HOW TO COMPLETE THIS TASK: The result should be an exact copy of only the lines from the one with "Acne Solutions™ Cleansing" through the last line of the data below, with pictures omitted.

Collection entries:
◇ ◇ ◇ ◇ ◇ ◇ ◇
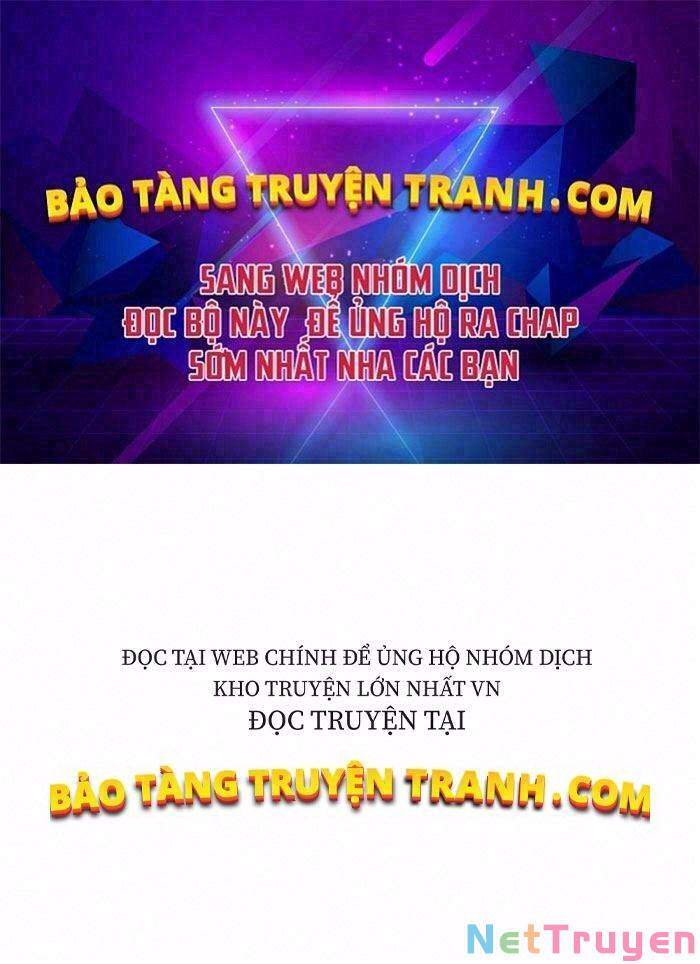 Đội Trưởng Lính Đánh Thuê Chapter 101 - 1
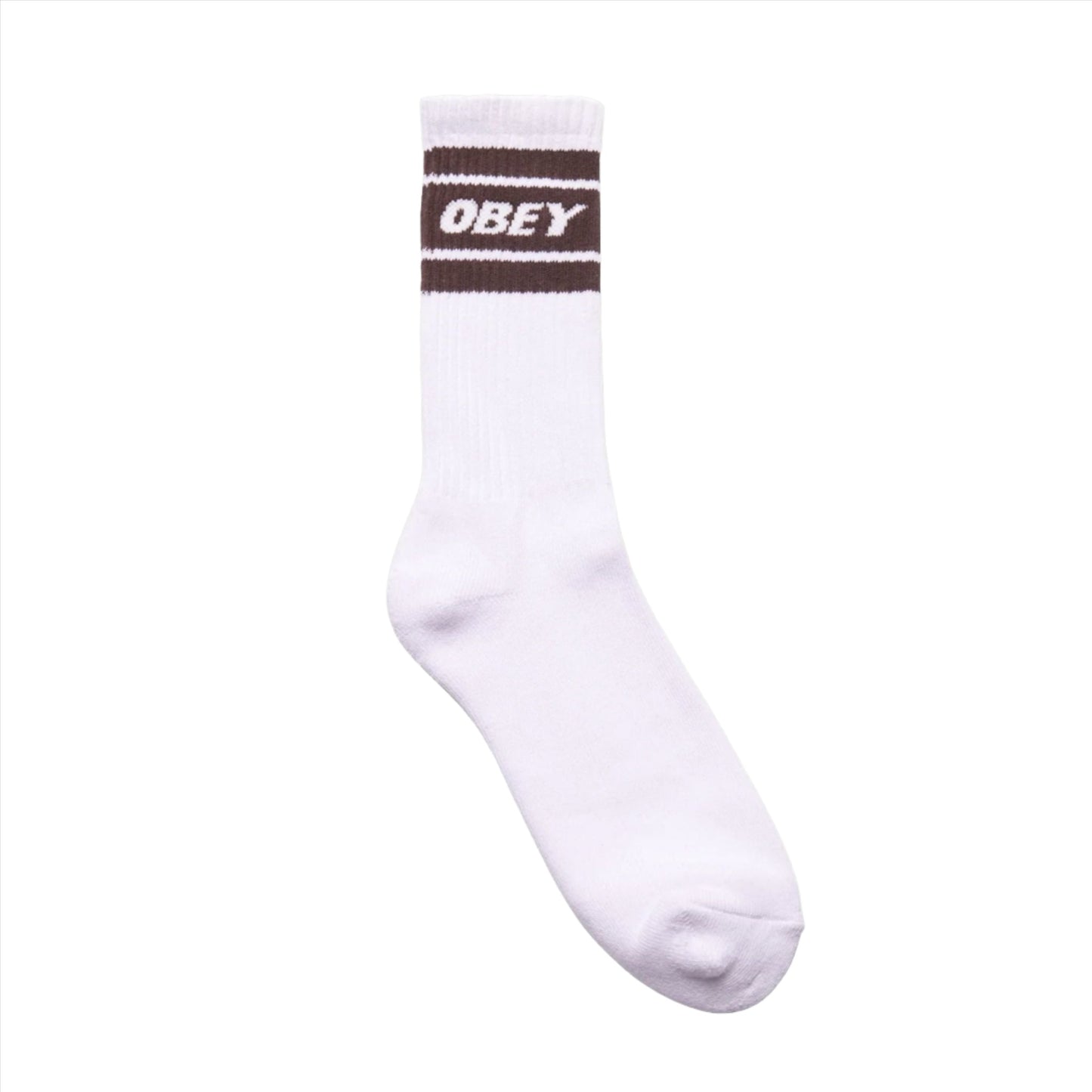 Obey Cooper II Socks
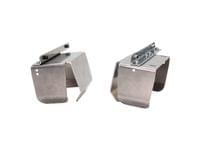 Centring aid for pallet block EPAL, 145mm (Extension for... - 1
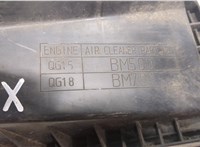 16500BM702, 16500BM70A Корпус воздушного фильтра Nissan Almera N16 2000-2006 9157259 #16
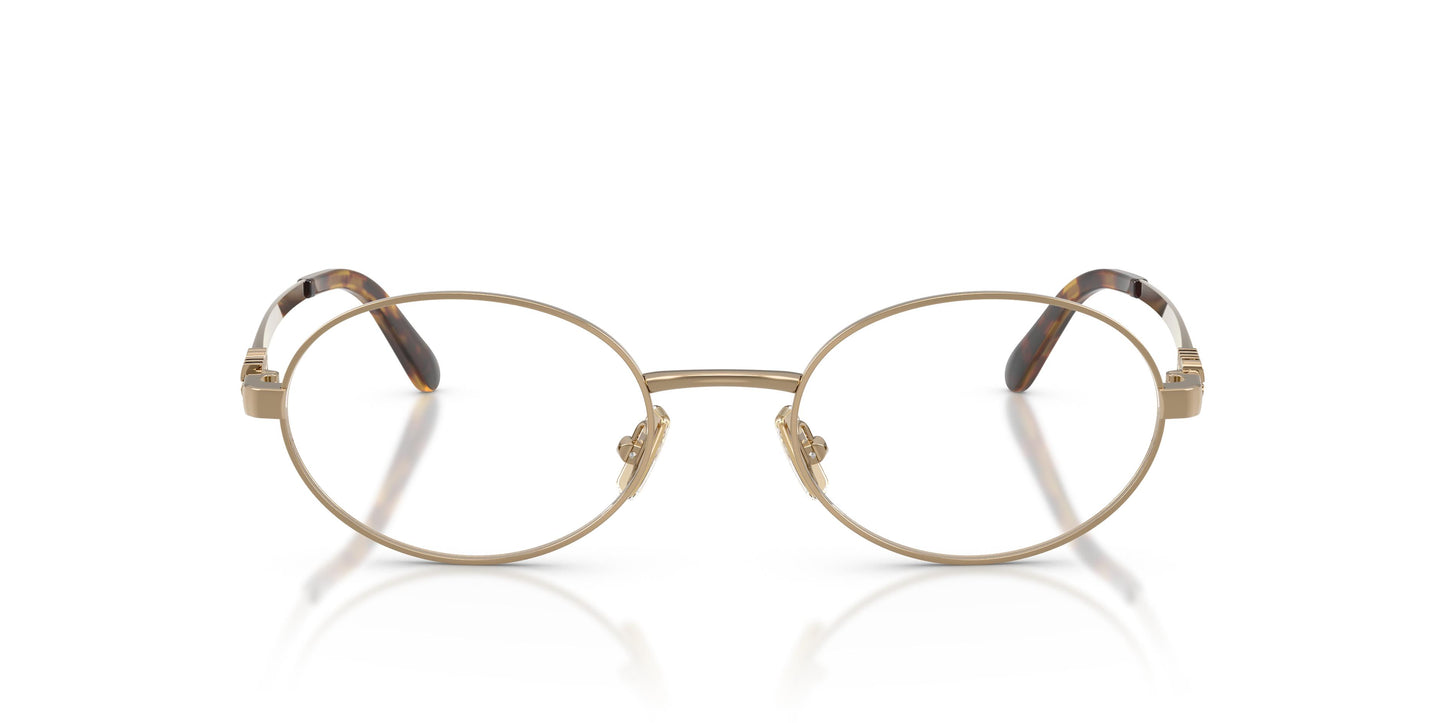 Miu Miu MU 50ZV 7OE1O1 50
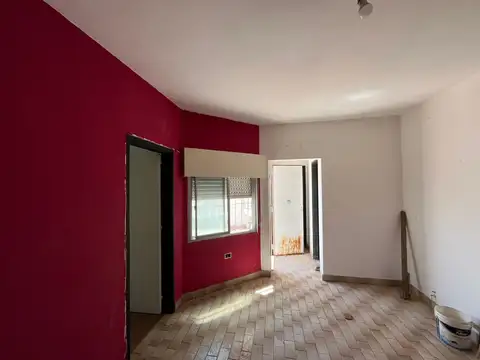 Ph 2 ambientes en Venta en Billinghurst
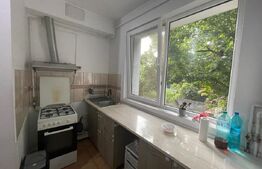 Garsoniera, 40 mp, zona Mihai Bravu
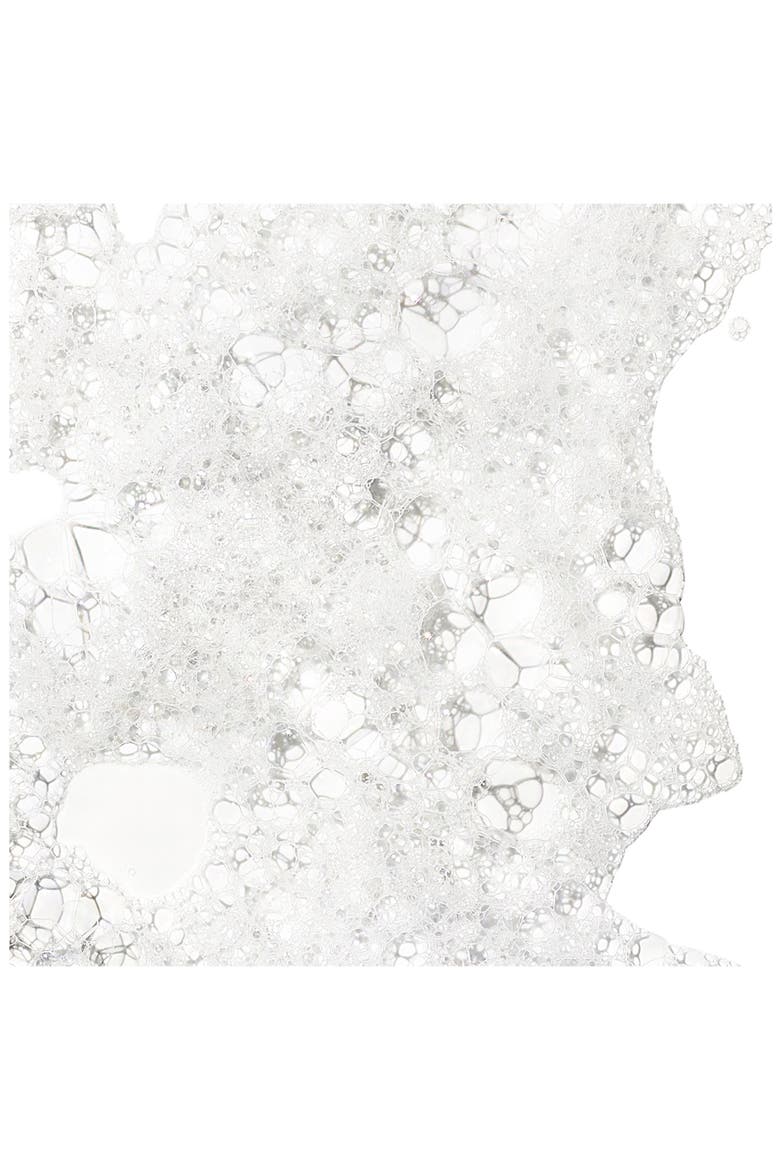 Acne Solutions™ Cleansing Bar for Face & Body, Alternate, color, NO COLOR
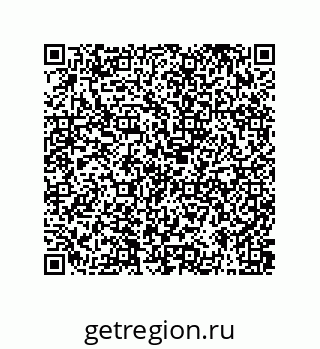79373698166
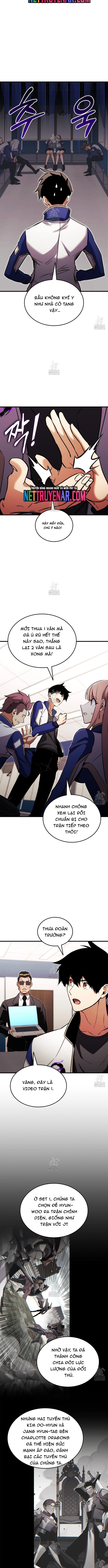 Chương 208 - Trang 4
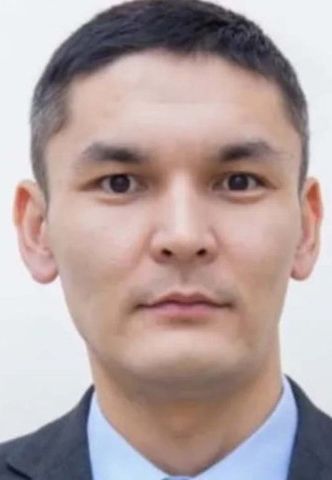 Назначен заместитель руководителя управления внутренней политики области Абай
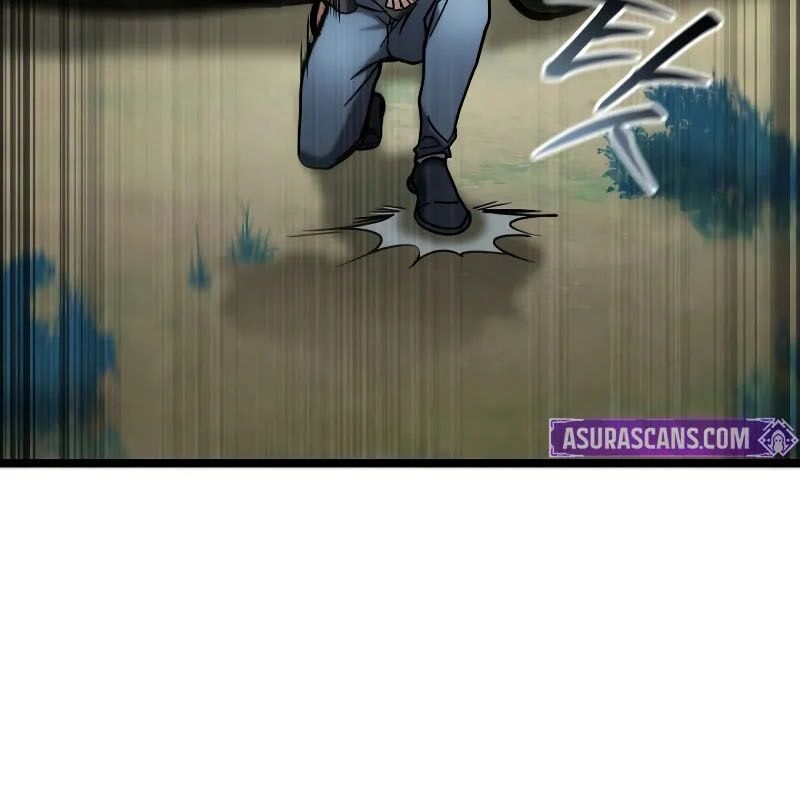 Thợ Săn Số Mệnh Cấp F Chap 74 - Next Chap 75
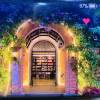 comment-small-img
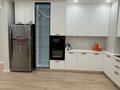 3-бөлмелі пәтер · 138 м² · 5/7 қабат, мкр Мирас, Мкр. Мирас 157, бағасы: 148 млн ₸ в Алматы, Бостандыкский р-н — фото 7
◇ ◇ ◇ ◇ ◇ ◇ ◇
ANSWER TO THE PROBLEM:
 Acne Solutions™ Cleansing Bar for Face & Body, Alternate, color, NO COLOR
79373698166
 Chương 208 - Trang 4
 Назначен заместитель руководителя управления внутренней политики области Абай
 Thợ Săn Số Mệnh Cấp F Chap 74 - Next Chap 75
 comment-small-img
 3-бөлмелі пәтер · 138 м² · 5/7 қабат, мкр Мирас, Мкр. Мирас 157, бағасы: 148 млн ₸ в Алматы, Бостандыкский р-н — фото 7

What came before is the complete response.